◆ DATA SUPPLIED
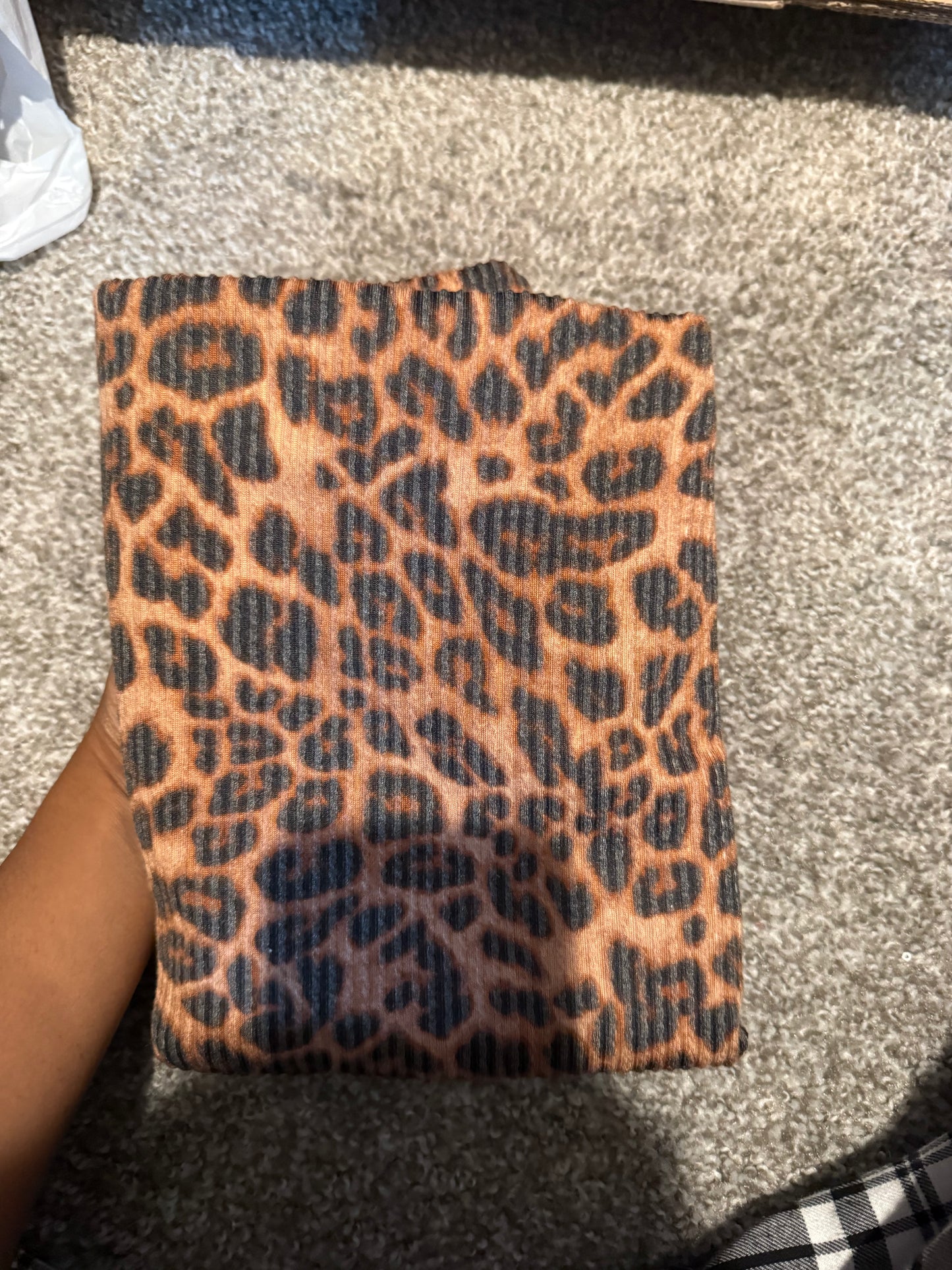 Cheetah urban yard
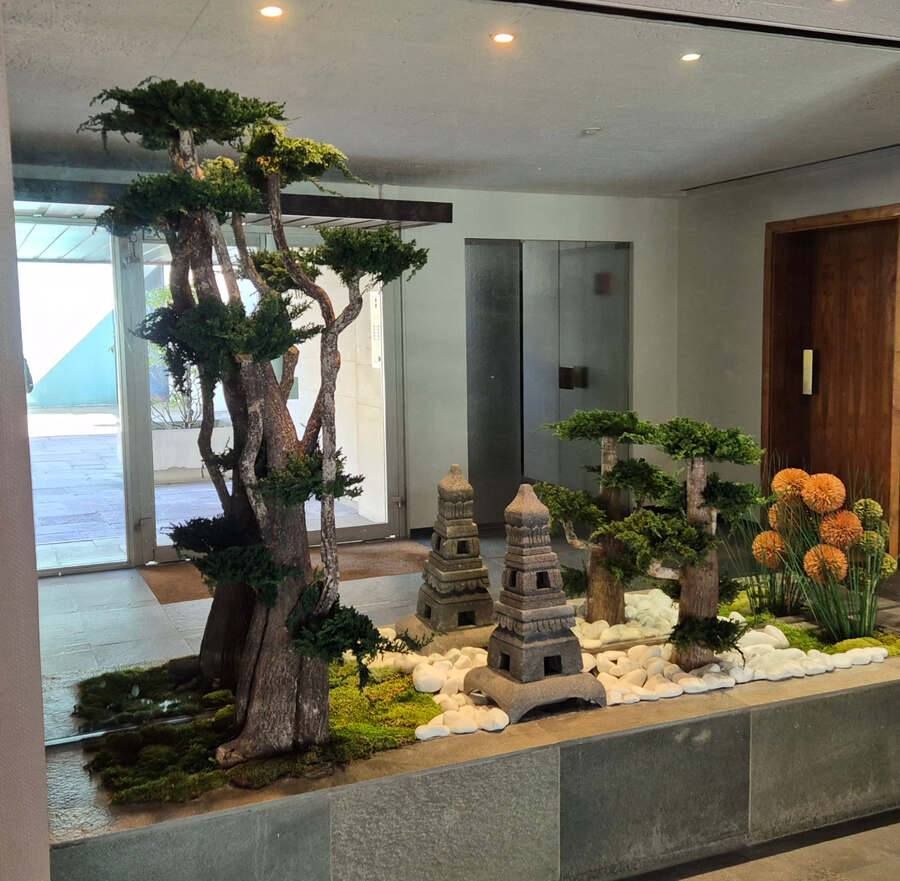 Équipe Nature As A Service dans un bureau végétalisé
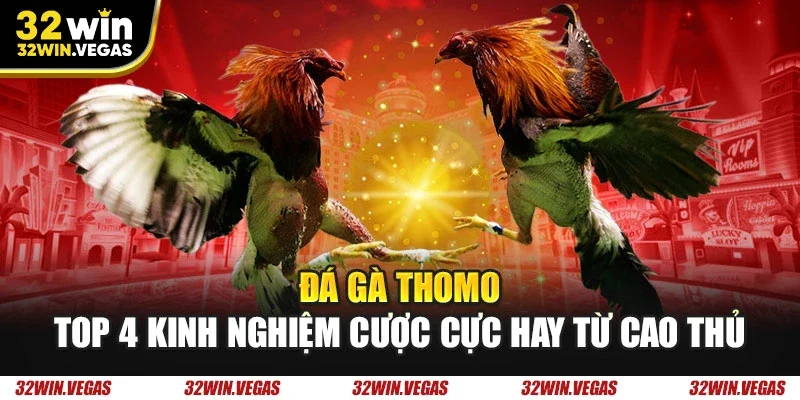 Đá gà Thomo
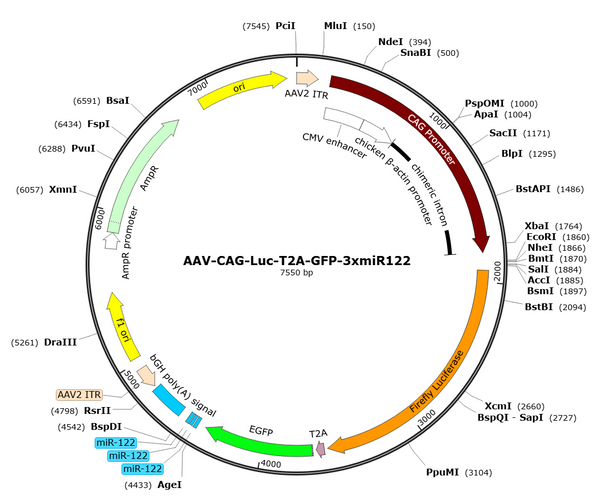 AAV-CAG-Luc-T2A-GFP-3xmiR122 (Serotype BI30)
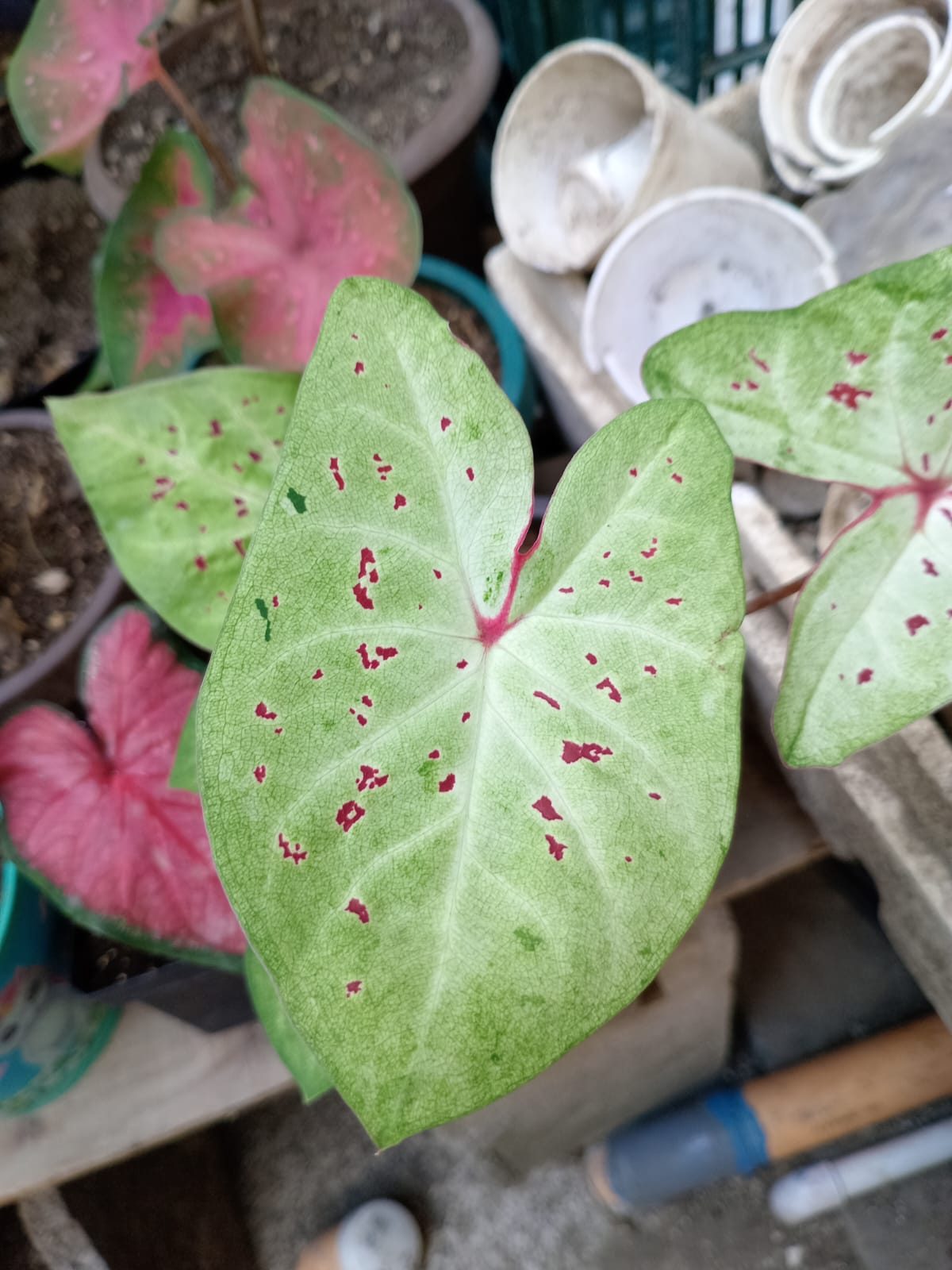 Hojas para decorar tu hogar - Imagen 11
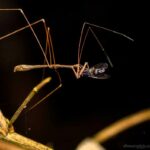 Empicoris sp. (Assassin Bug)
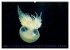 In der Welt der Medusen (hochwertiger... - Bild 12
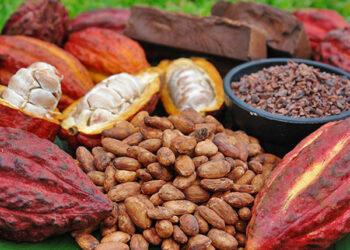 Giá của ca cao đã chứng kiến sự tăng lên khoảng 8%, đạt mức cao chưa từng thấy.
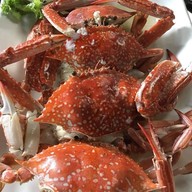 เลนัว ซีฟู้ด อาหารอีสาน อ่อนนุช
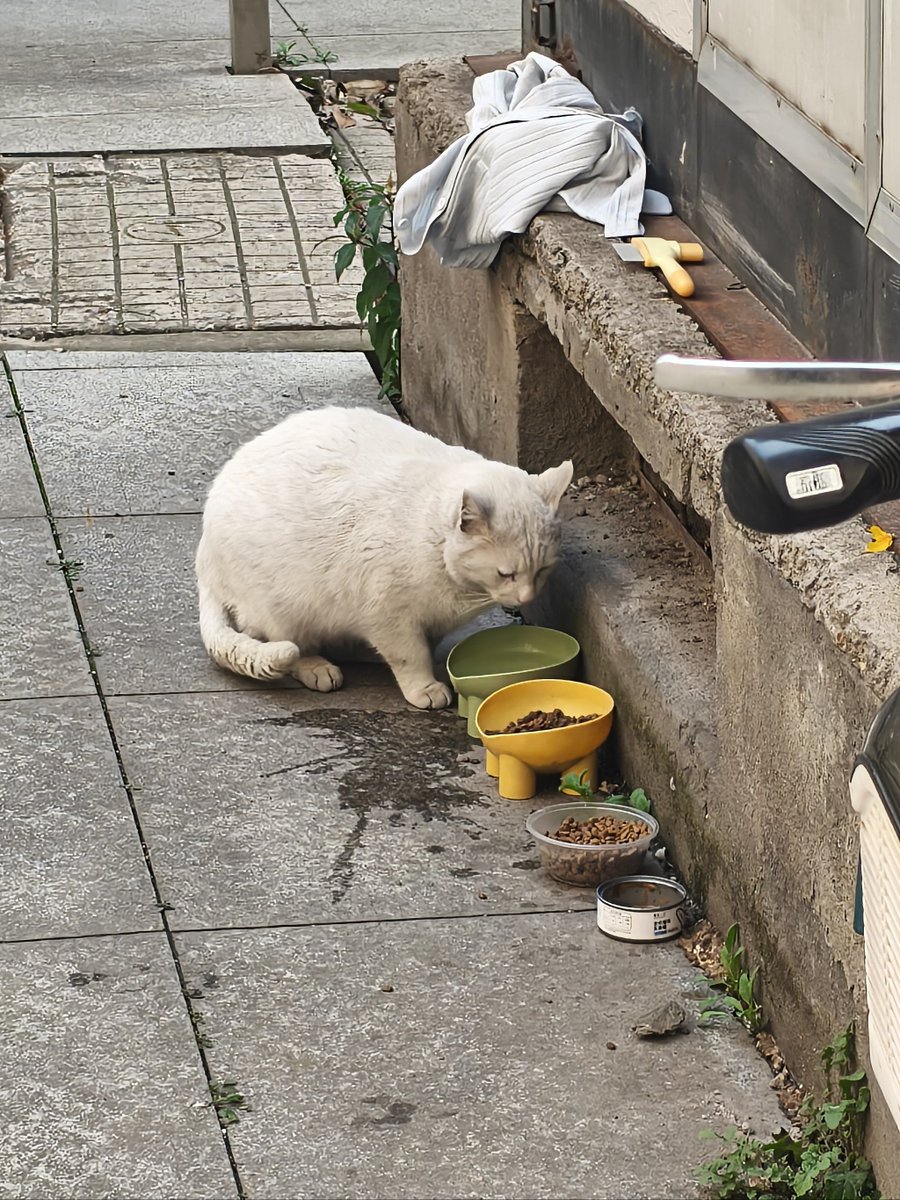 NoraAitonebmx's tweet photo. コーヒーを飲みながらファンの糸を探していると、痩せた猫が路地で佇んでいた。 https://t.co/pDnv991rpa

◆ REQUIRED ACTION
Each record has to be set down verbatim, and the pictures must not appear in the copy.

◆ SOLUTION FOR THIS EXERCISE
 Cheetah urban yard
 Équipe Nature As A Service dans un bureau végétalisé
 Đá gà Thomo
 AAV-CAG-Luc-T2A-GFP-3xmiR122 (Serotype BI30)
 Hojas para decorar tu hogar - Imagen 11
 Empicoris sp. (Assassin Bug)
 In der Welt der Medusen (hochwertiger... - Bild 12
 Giá của ca cao đã chứng kiến sự tăng lên khoảng 8%, đạt mức cao chưa từng thấy.
 เลนัว ซีฟู้ด อาหารอีสาน อ่อนนุช
 NoraAitonebmx's tweet photo. コーヒーを飲みながらファンの糸を探していると、痩せた猫が路地で佇んでいた。 https://t.co/pDnv991rpa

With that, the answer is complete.